The three of them went to the beach again, partly to exorcise the experience, partly because it was October and the crowds were gone. They lounged, they waded. The women were doing their meditations regularly now. They would face each other, draw the annular circle in the sand between them, link hands and go off into their own mesmerized world. Nigel closed his eyes, back pressed to the sand, and dreamed. Of Alexandria, of the past. Of the years after Icarus.
What put off The
New York Times
attracted women. They would drift his way at a party, lips pursed, seemingly inspecting Cezanne prints, and abruptly come upon him, round doe eyes widening in polite surprise at his mumbled identity (yes, he was the one), hand unconsciously going to the throat to caress a necklace or scarf, an oddly sensual gesture to be read if he cared.
Often, he did. They were electric women, he thought, yet they sensed in the Icarus even something basic and feral, some mysterious male rite performed beyond the horn-rimmed gaze of pundits and, most importantly, away from women.
They were of many kinds, many types. (
How mascu-
line,
one of them said, patting blue hair into place,
to think of women as types.
Embarrassed—this was in New York, where differences were unfashionable that year— he laughed and threw some chablis at the back of his throat and left her soon thereafter, reasoning that, after all, he did not quite like her type.) He sampled them: the Junoesque; the wiry and intense; the darkly almond sensual; the Rubens maiden; the others. How not to call them types? The urge to classify washed over him, to analyze and inspect. At last he came to look upon himself as from a distance, pacing his responses, never moving wholly with the moment. There, he quit. The NASA flack who hovered ever-present at his elbow tried to keep him “alive” on the 3D, circling through the talk shows, to retain his “saturated image,” but Nigel dropped out. And after a while, found Alexandria.

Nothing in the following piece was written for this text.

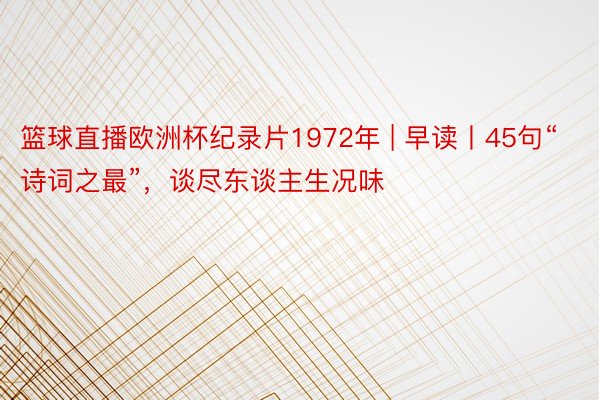 篮球直播欧洲杯纪录片1972年 | 早读丨45句“诗词之最”，谈尽东谈主生况味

He went for long runs on the beach between La Jolla and Del Mar, keeping in training, churning doggedly by forests of firm young thighs, sun shimmering through a thin haze of sweat that ran into his eyes from bushy eyebrows. Cantilevered breasts—or, more stylishly, bare ones, brown painted nipples pouting in the stinging sun— swung to follow his progress. He loped along the ocean’s foaming margin, feet slapping in water, arms and legs growing leaden, his throat awash in dry pinpricks. He diverted himself by studying the faces that wheeled by, moving stride by stride into his past. Small families, leathery men, dogs and children: he picked roles for them all, ran small plays in his head. He glimpsed them frozen in laughter, boredom, lazy sleep.